Provided data
****************************************
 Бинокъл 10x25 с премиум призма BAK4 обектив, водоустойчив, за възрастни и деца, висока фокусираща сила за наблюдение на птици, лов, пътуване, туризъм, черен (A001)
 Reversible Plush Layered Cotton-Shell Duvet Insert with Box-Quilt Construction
****************************************
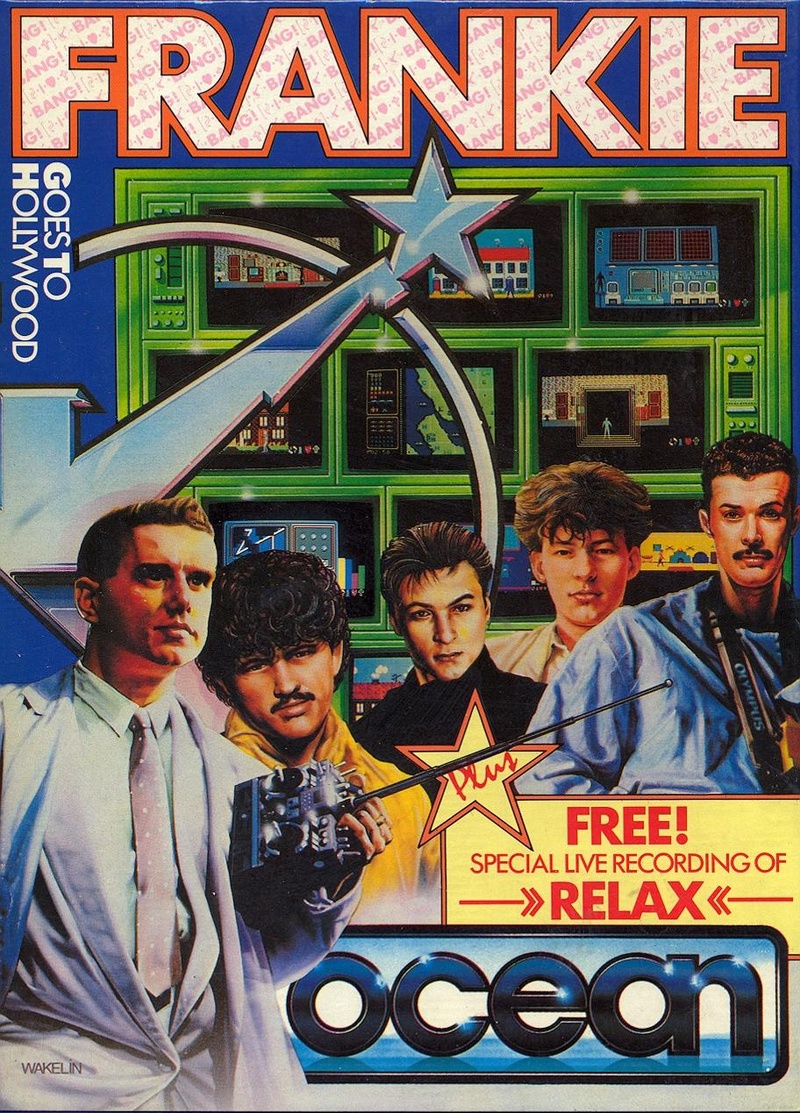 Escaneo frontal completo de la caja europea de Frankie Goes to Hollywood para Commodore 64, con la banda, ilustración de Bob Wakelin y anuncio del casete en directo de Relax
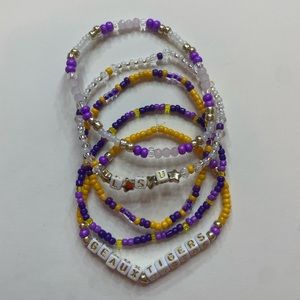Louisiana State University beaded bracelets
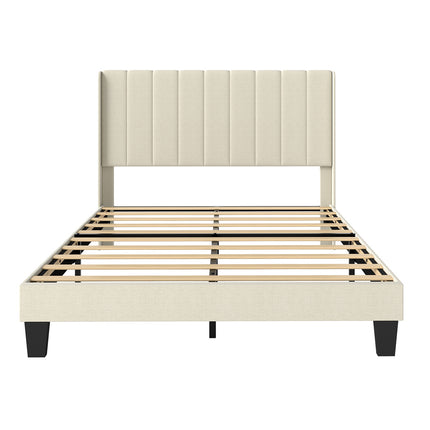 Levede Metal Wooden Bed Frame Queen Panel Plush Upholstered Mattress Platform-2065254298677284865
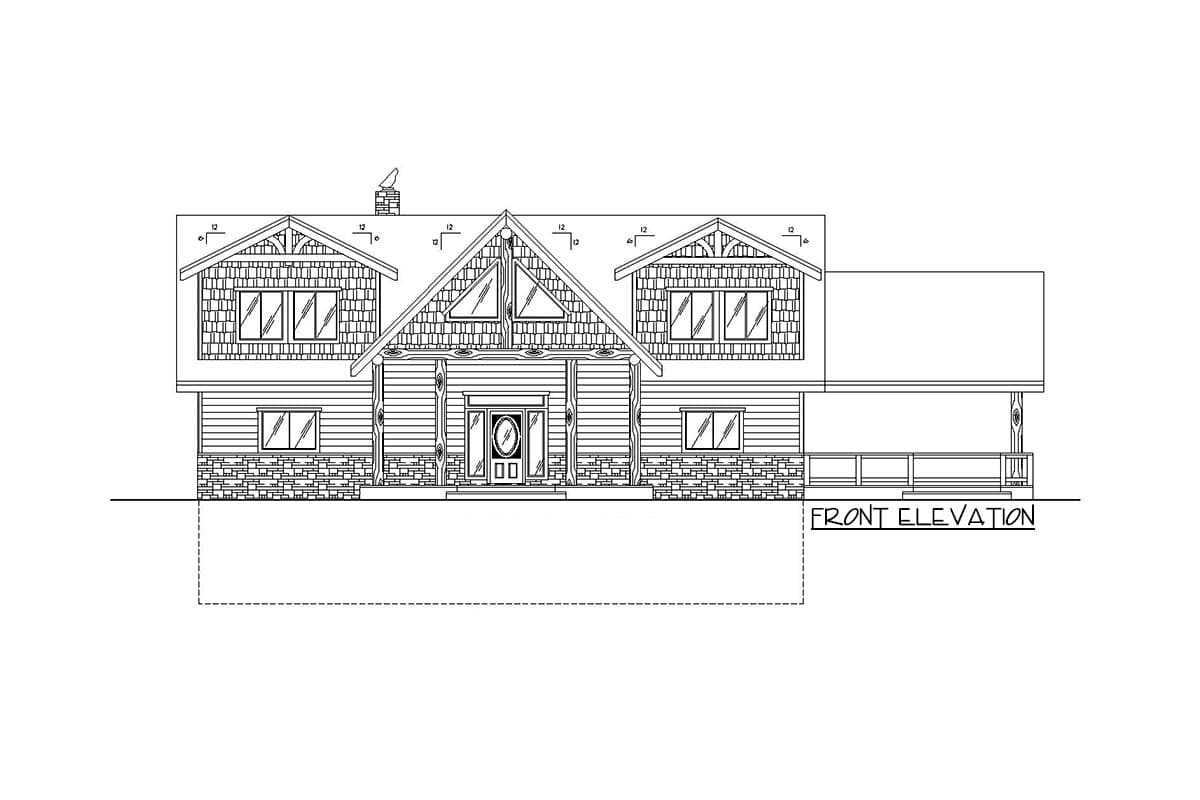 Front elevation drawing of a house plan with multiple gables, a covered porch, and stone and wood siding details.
****************************************
Work instruction
Given the listing above, repeat exactly the lines starting at the one with "Levede Metal Wooden" and ending at the one with "Front elevation drawing", inclusive, excluding pictures.

Finished task
 Levede Metal Wooden Bed Frame Queen Panel Plush Upholstered Mattress Platform-2065254298677284865
 Front elevation drawing of a house plan with multiple gables, a covered porch, and stone and wood siding details.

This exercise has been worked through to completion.